• [Exercise prompt]
For this task, output exactly the lines of the material below starting at the line with "Read The Max" and ending at the line with "Xayiray Diyaaradahii Baydhabo."; pictures are to be excluded.

• [Data under study]
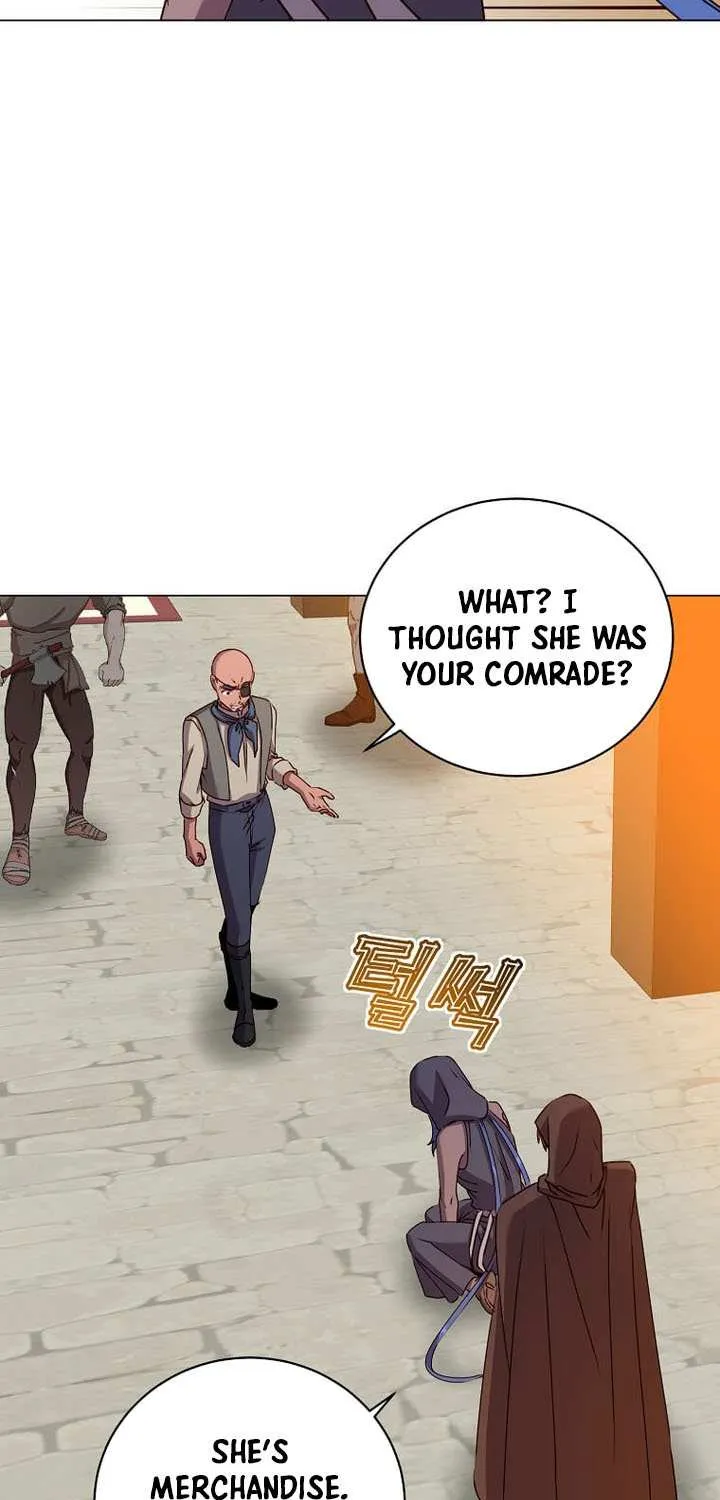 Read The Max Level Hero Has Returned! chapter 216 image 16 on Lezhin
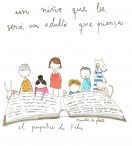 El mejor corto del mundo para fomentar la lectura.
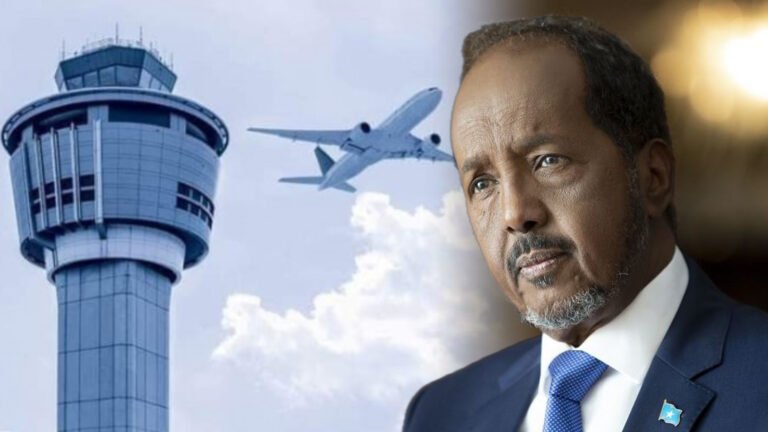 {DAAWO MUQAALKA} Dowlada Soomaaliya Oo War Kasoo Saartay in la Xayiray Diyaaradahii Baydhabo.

---

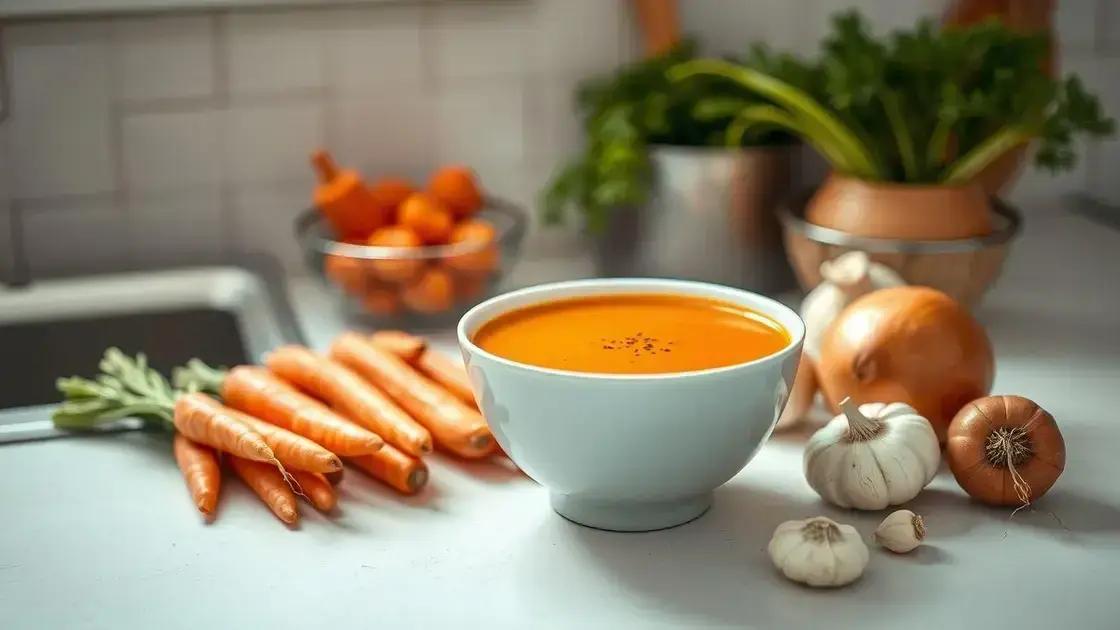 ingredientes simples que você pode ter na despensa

• [Exercise output]
 Read The Max Level Hero Has Returned! chapter 216 image 16 on Lezhin
 El mejor corto del mundo para fomentar la lectura.
 {DAAWO MUQAALKA} Dowlada Soomaaliya Oo War Kasoo Saartay in la Xayiray Diyaaradahii Baydhabo.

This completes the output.